A Dark Matter Fossil Record: Using Geology to Probe Time-Varying Dark Matter Signals

Title:Galactic Geology: Probing Time-Varying Dark Matter Signals with Paleo-Detectors

Authors: Sebastian Baum, William DeRocco, Thomas D. P. Edwards, and Saarik Kalia

First Author’s Institution: Stanford Institute for Theoretical Physics, Stanford University, Stanford, CA 94305, USA

Status: open access on arXiv

Paleo-detectors: the tools of galactic geology

For thousands of years, humans have looked to rocks and minerals as windows into our past: paleontologists have interpreted the fossil record to deduce the history of life on Earth; geologists have analyzed radioactive isotopes and subtle patterns in rock formations to reconstruct the history of the planet itself; and now, astrophysicists are studying minerals of millions to billions of years old to unveil the history of our Galaxy.

When a particle of astrophysical origin — say, a particle of dark matter or a neutrino from a nearby supernova — passes through the Earth, it should interact with atoms in the crystal lattices of naturally-occurring minerals; as the particle jostles these atoms, the recoiling nuclei leave permanent “damage tracks” in the bulk of the mineral on nanometer scales. By examining these tracks using powerful microscopes and tallying up the frequencies of different track lengths, one can infer the complete history of particle interactions within a given mineral sample. These minerals have thus been dubbed paleo-detectors.  

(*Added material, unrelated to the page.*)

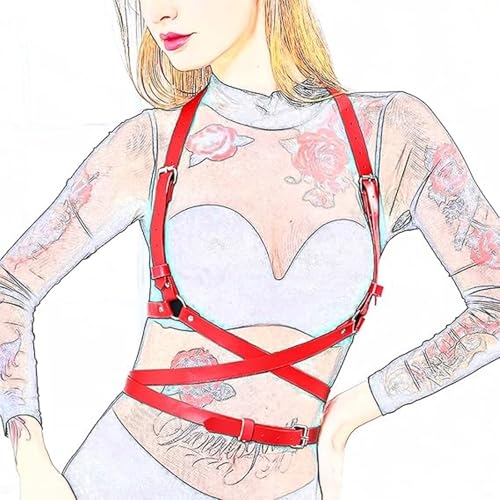 Women Leather Harness Belt,BDSM Chest Harness Body,Women’s Bondage Harness Red Adjustable Punk Waist Belt Gothic Upper Body Chest Straps Corset Ladies Belt Shackles for Woman Rave Outfit Ladies3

The fossilized signatures of dark matter

While paleo-detectors have a remarkably rich spectrum of applications, today’s paper focuses specifically on the feasibility of detecting time-varying dark matter signals. Since dark matter is expected to interact extremely weakly with luminous matter, dark matter is notoriously difficult to detect directly; our only evidence for dark matter comes from indirectly observing its gravitational influence on visible matter. Paleo-detectors, however, may prove to be exceptionally effective direct detectors of dark matter: as long as a mineral remains crystallized, it is susceptible to interactions with dark matter, thus enabling “data collection” over exposure times reaching significant fractions of the age of the Earth. Moreover, by examining a collection of paleo-detectors of different ages, one can determine how the underlying dark matter signal varies with time.

To examine the sensitivity of paleo-detectors to time-varying dark matter signals, the authors consider two scenarios of particular interest to the dark matter community: (1) the presence of a dark matter disk coplanar with the Milky Way’s disk; and (2) the presence of dark matter subhalos along the trajectory of our Solar System. If some component of dark matter were able to dissipate energy (either through collisions or some type of “dark radiation”), we would expect a chunk of the dark matter permeating the Milky Way to collapse into a dark disk. Since the Solar System crosses the Galactic plane about once every 45 million years, a dark disk would imprint its signature on a paleo-detector at discrete 45 Myr intervals. The presence of dark matter subhalos, on the other hand, is a consequence of the cold dark matter model, in which dark matter does not dissipate energy; since a subhalo is effectively a compact clump of dark matter floating about the Milky Way, if the Solar System were to pass through such a halo, a paleo-detector would pick up a single strong signal due to the transient dark matter interactions.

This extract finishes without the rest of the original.